Les deux Etats échangent des renseignements
En outre, l’Azerbaïdjan détient une frontière de plus 600 km avec l’Iran, frontière que, par un accord tacite, les services de renseignements israéliens utilise pour leurs incursions en territoire iranien. C’est ainsi qu’en janvier 2018, des agents du Mossad sont parvenus à voler, dans un entrepôt du sud de Téhéran où elles étaient stockées, une demi-tonne d’archives concernant les recherches nucléaires iraniennes, puis à les exfiltrer via l’Azerbaïdjan.
L’échange de renseignements entre les deux pays est important et une étude du Washington Institut de 2005 affirme même que les Israéliens auraient également installé des stations d’écoute électronique le long de la mer Caspienne et à la frontière iranienne (ce que les deux Etats nient).
En Israël, pourtant, si le rapprochement avec Bakou a reçu un accueil favorable ces dernières années, l’opinion publique a commencé à exprimer son mécontentement après les dernières offensives contre le Haut-Karabakh.
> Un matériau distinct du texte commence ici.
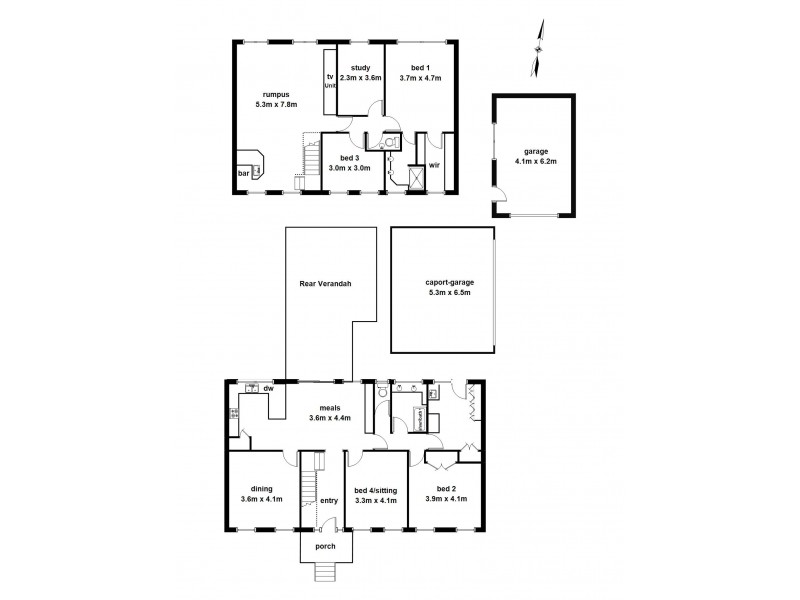 Montrose VIC 3765 Floorplan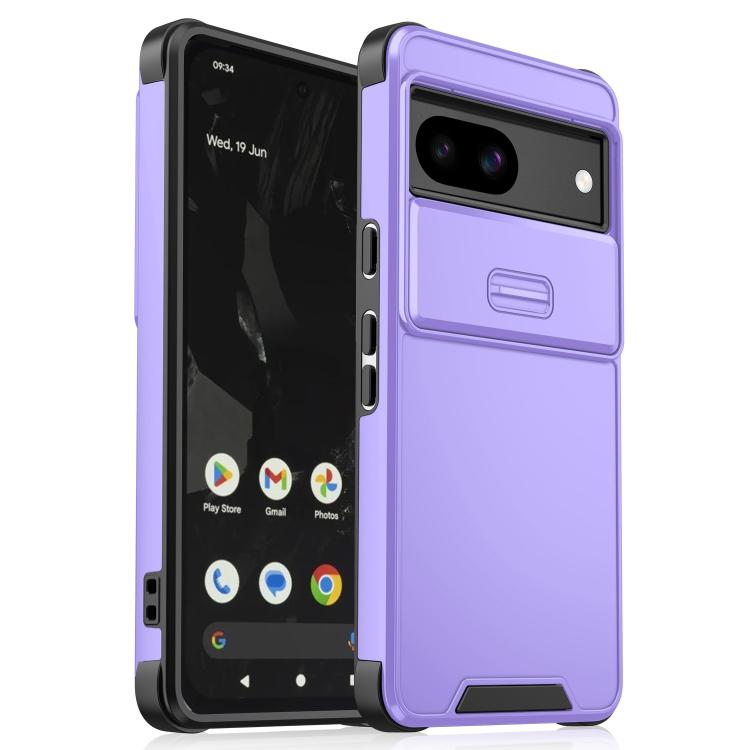 Sliding Camshield TPU + PC Phone Case, For Google Pixel 9a, For Google Pixel 9 Pro XL, For Google Pixel 9 / 9 Pro, For Google Pixel 8a, For Google Pixel 8 Pro, For Google Pixel 7 Pro, For Google Pixel 7, For Google Pixel 6a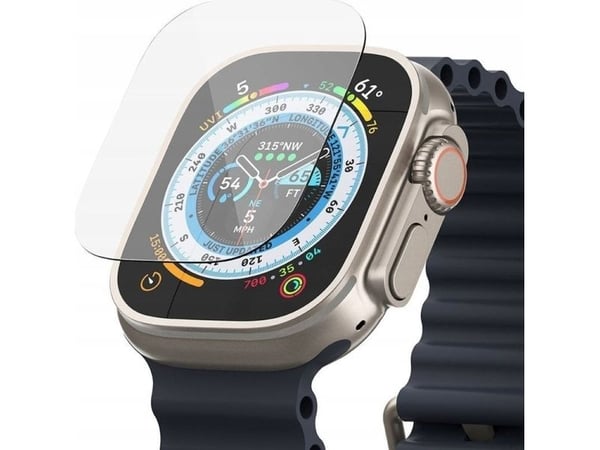 Ringke karkaistu lasi Apple Watch Ultra 49mm -laitteelle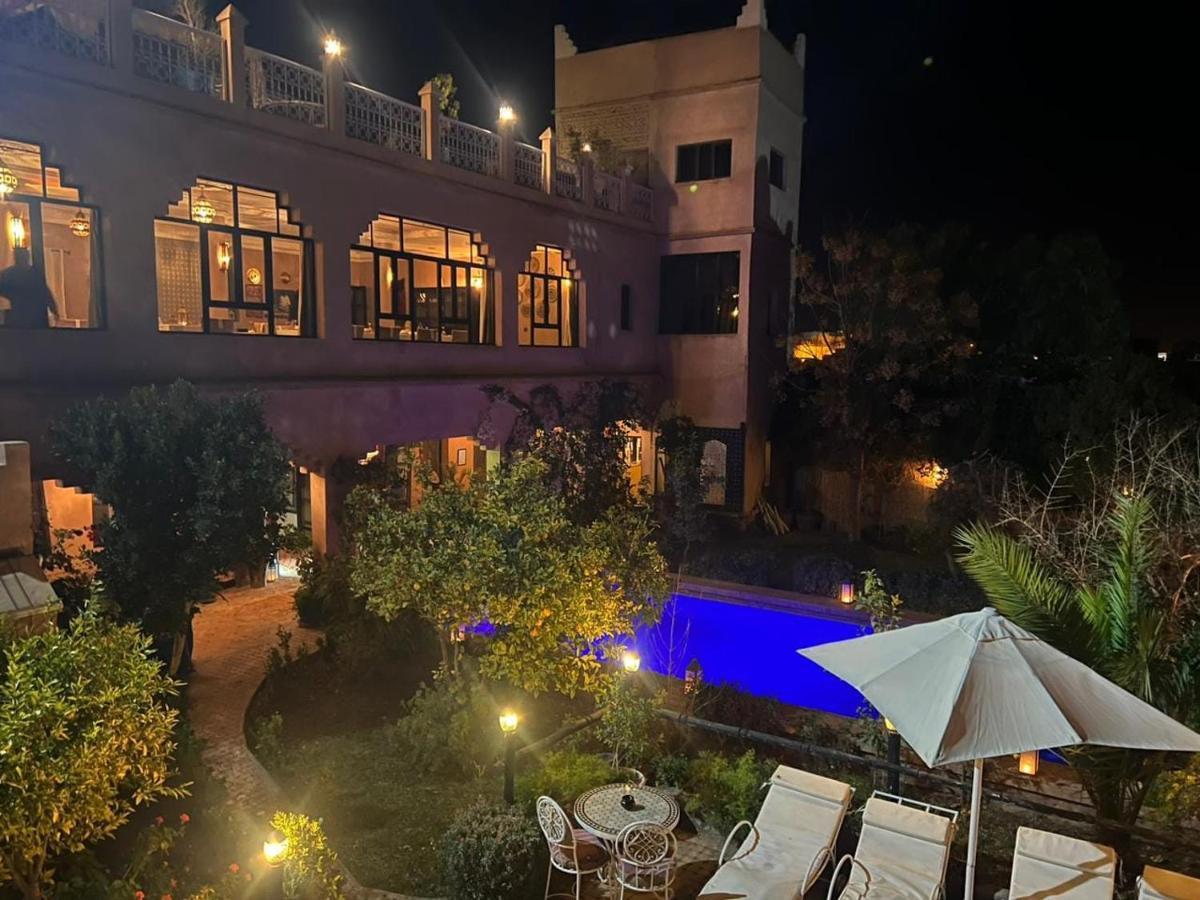 Riad Tama & Spa Ουαρζαζάτ Εξωτερικό φωτογραφία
Le 27 septembre, le quotidien « Haaretz » dénonçait ainsi les ventes d’armes à Bakou dans un éditorial titré « Un nettoyage ethnique avec nos armes ». Mi-août, dans « Times of Israël », Avidan Freedman, l’un des fondateurs de l’organisation Yanshoof qui milite pour l’arrêt des ventes d’armes israéliennes à des nations violant les droits de l’homme, soulignait pour sa part : « La nécessité de forger des liens avec l’Azerbaïdjan n’autorise pas Israël à ignorer les souffrances des Arméniens du Haut-Karabakh. »
A la tête de l’Etat, en revanche, aucune déclaration n’est venue dénoncer l’offensive azérie. Et rien ne semble s’opposer à l’inscription dans la durée de cette alliance scellée sous le sceau de la realpolitik.